Michael Gove has ruled himself out of the race to become the next Prime Minister despite some opinion polls suggesting he could be the favourite to suceed David Cameron.
The Justice Secretary was arguing the case for Britain to vote to leave the European Union ahead of the referendum on 23 June when he was told by a member of the audience that he was seen as the "poster boy for the Conservative back benchers, the Brexiteers".
But the MP was quick to shoot down any hopes of a bid by telling the man to count him out.
He said: "I can tell you I'm absolutely not.
"The one thing I can tell you is there are lots of talented people who could be Prime Minister after David Cameron but count me out."
Laughing at the prospect of challenging Boris Johnson, the former Mayor of London and his fellow Vote Leave campaigner, Mr Gove said: "The thing I recommend is whatever posters you put up on your wall, do not put one up of me.
"I'm not the sort of person you want to have when you wake up on your bedroom wall, I'll tell you that."
He said people do want to "speculate about personalities" but the referendum was more important than that.
"This issue is about the future of our country and what sort of nation we want to be", the 48-year-old said, "I think that instead of succumbing to the pessimism of the Remain side we should be optimistic and hopeful about our potential".

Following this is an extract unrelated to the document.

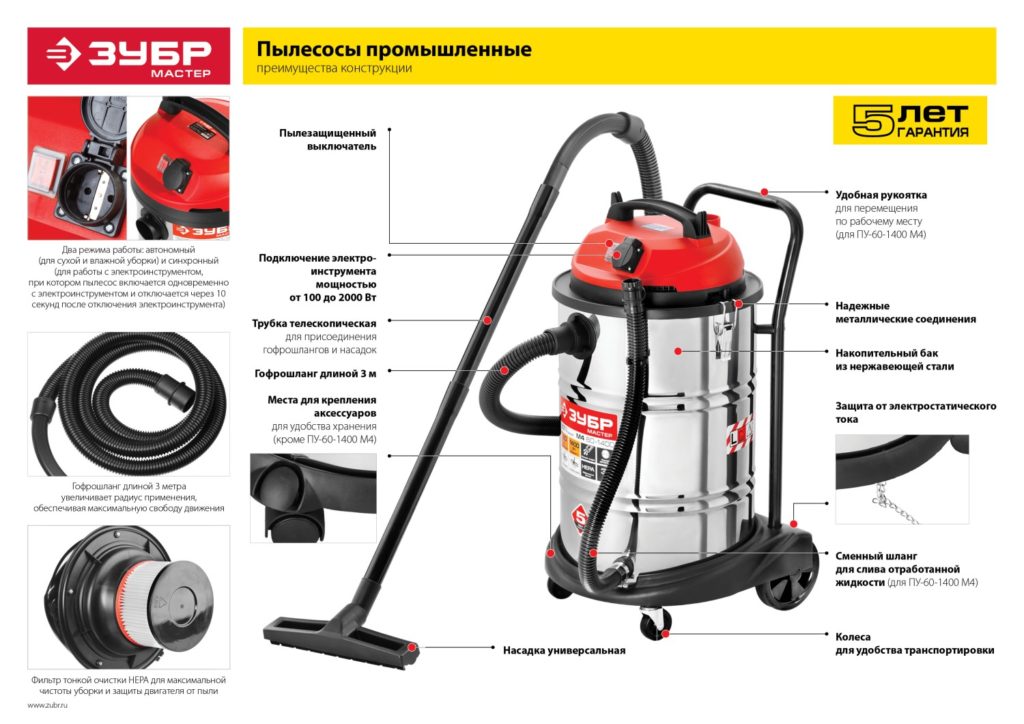 ЗУБР М3 20л 1400Вт строительный пылесос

It comes after Mr Gove topped a poll of party members run by influential website ConservativeHome for the third month running.
He won 30 per cent of the vote in the June survery of members about who they want to see as their next leader and was eight points ahead of his nearest challenger, Mr Johnson, who was on 22 per cent.

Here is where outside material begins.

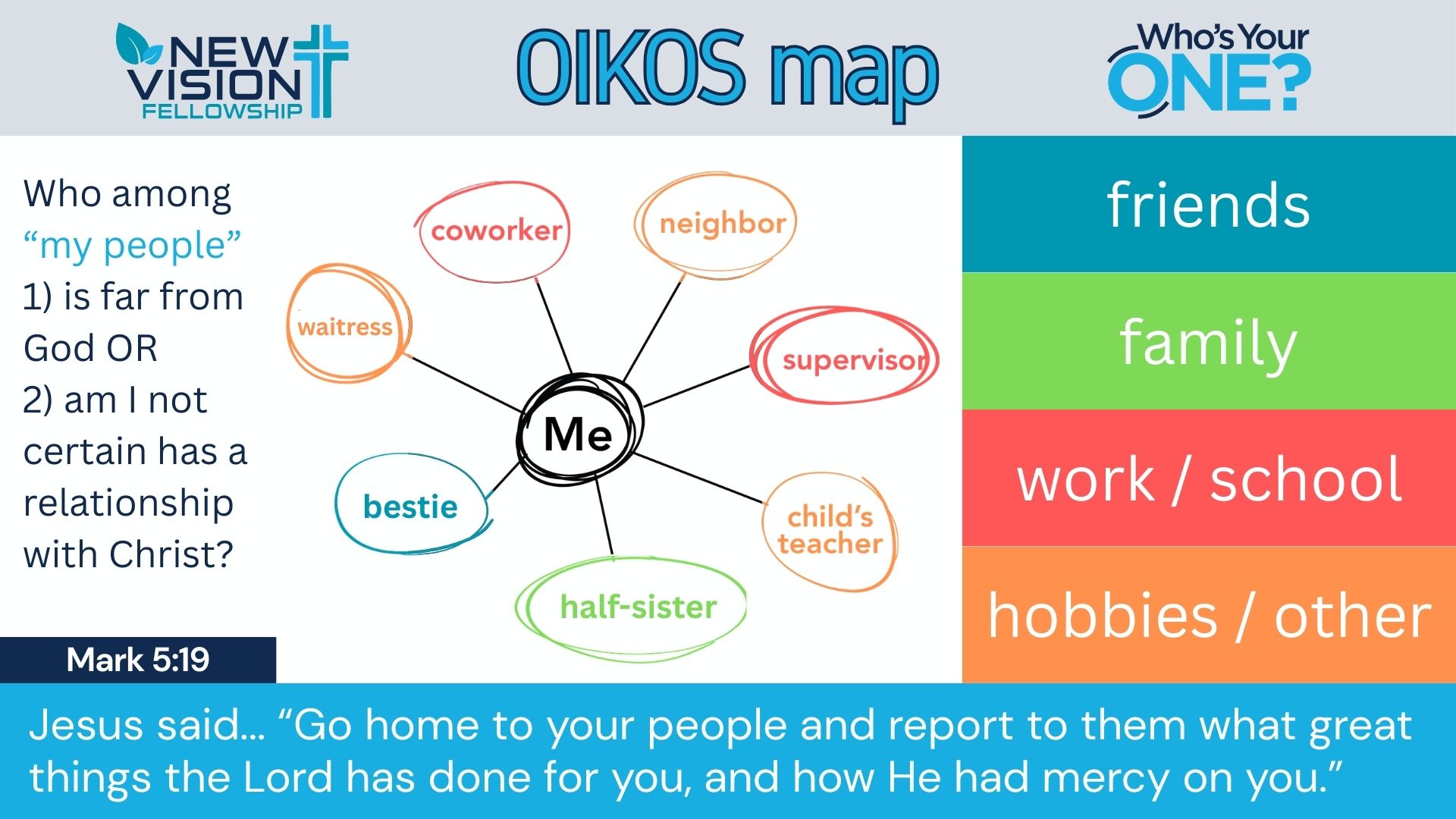 OIKOS Map illustration — click to enlarge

Chancellor and Remain campaigner George Osborne, who was the favourite in the poll last summer, came a distant fifth after former defence secretary Liam Fox with just eight per cent of the vote.
It comes after a week of speculating about whether Mr Cameron will be forced to resign regardless of the referendum result.
Speaking on ITV's Peston on Sunday last week, Tory backbencher and Out campaigner Nadine Dorries said she had already submitted a letter to Graham Brady, chairman of the influential 1922 Committee, calling for a vote of no confidence in Mr Cameron.
Party rules dictate if 50 backbenchers make the call it can trigger a vote.
Claiming he had "lied profoundly" during the campaign, she said: "My letter is already in. If the Remain camp wins by a large majority – I think it would have to be 60/40 – then David Cameron might just survive but if Remain win by a narrow majority or lose...he’s toast within days".